By Curtis Joe Walker
The orbis ring flash from Enlight Photo is a modifier for hot shoe flashes that allows them to emulate the functionality of a studio ring flash. Fitting onto the end of a hot shoe flash, it takes the light and bounces it through a highly reflective inner chamber, outputting diffused, characteristic light through its ring.
The high-impact-plastic unit has been expertly designed for maximum efficiency, using the brightest chrome finished plastic available. By adding translucent material to the bottom of the ring and a series of baffles inside, the light output from the ring is evenly distributed and creates flawless specular highlights. Inside, a series of spring hinges ensure a snug fit on the end of your flash. It isn’t designed to permanently marry the two devices, though. In other words, take care to hold the device in a way that protects both units from an unintended free fall.
So, how does it hold up in use? Pretty good, within its limitations. For one thing, it’s limited by the output of the flash that’s going into it, and it loses about 4 stops of light in the translation. That means there’s no way this light is going to light a whole set, but for portraits and very carefully composed full body shots, it’ll work. The instructions suggest bumping the ISO setting to 400, so depending on the camera and lens, it could be possible to get more out of the flash. With the ring flash, portraits show the characteristic wraparound shadow and the highlights are perfect donut shapes. Despite the limited efficiency, it is possible to overpower daylight if you’re able to shoot your subject from a few inches away.
©Curtis Joe Walker
Originally intended to be a hand-held unit triggered optically or with an off-camera TTL connection, the introduction of their sturdy new orbis arm makes one-handed shooting possible.

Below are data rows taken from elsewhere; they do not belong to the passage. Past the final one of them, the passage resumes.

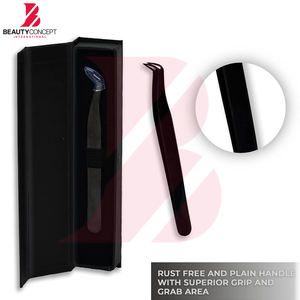 Pinzas de Acero Inoxidable para Extensión de Pestañas, Pinzas Rectas de Alta Precisión para Injerto de Pestañas y Cejas, Herramientas de Maquillaje - Product Image 5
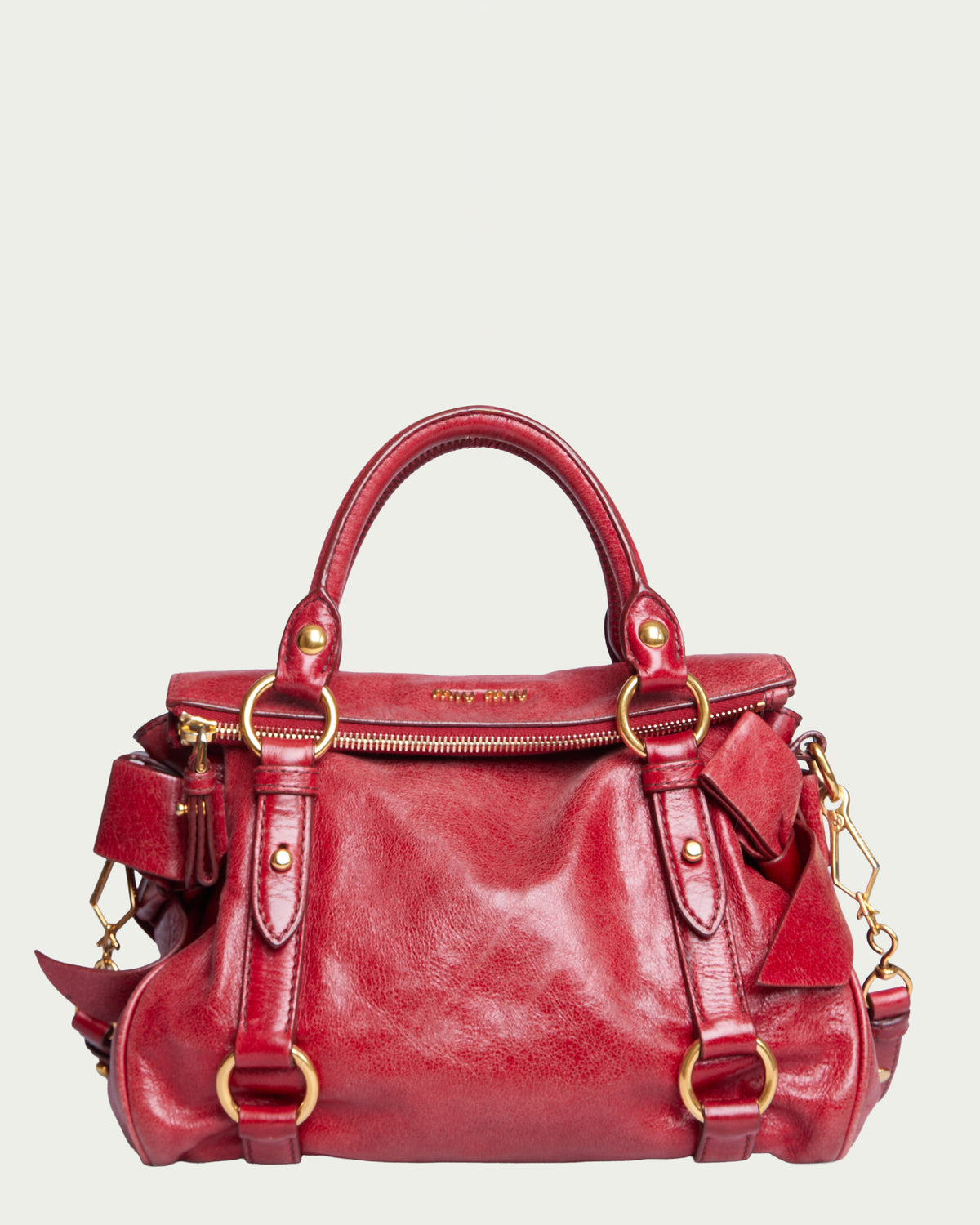 Miu Miu Vitello Lux Bow Mini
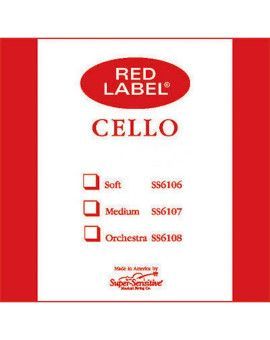 Cuerda cello Super-Sensitive Red Label 4ª Do Medium 3/4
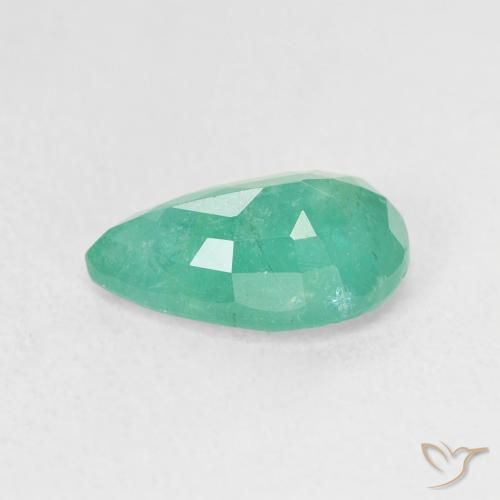 Esmeralda verde elétrico Natural 2.48ct, Formato de pêra, SI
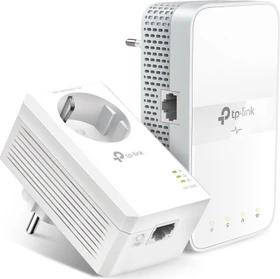 TP-Link AV1000 AC1200 Gigabit-WLAN Passthrough Powerline Extender Kit, Powerline/WLAN-Access Point und Powerline-Adapter Set, 2er-Bundle (TL-WPA7619 KIT)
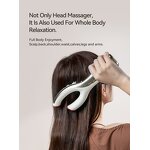 Electric Scalp Massager Brush - Rechargeable Head Stimulator for Hair Growth Relaxation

Unlike other designs that mount the flash on the hot shoe, hanging the ring down in front of the camera from above, the arm mounts everything to the tripod mount on the bottom of the camera.
The arm is outstandingly rigid and sturdy, but all of the weight of the ringlflash unit is placed on the foot of the flash. This shouldn't be a problem for those with metal feet, but could end in tragedy for those with an all-plastic design. Having a way to attach the ring flash to the arm itself would be handy. The design makes portrait-oriented shots awkward and shooting straight down definitely feels like something would eventually break. The arm doesn't so much free up a hand while shooting as it helps keep the photographer from accidentally dropping everything.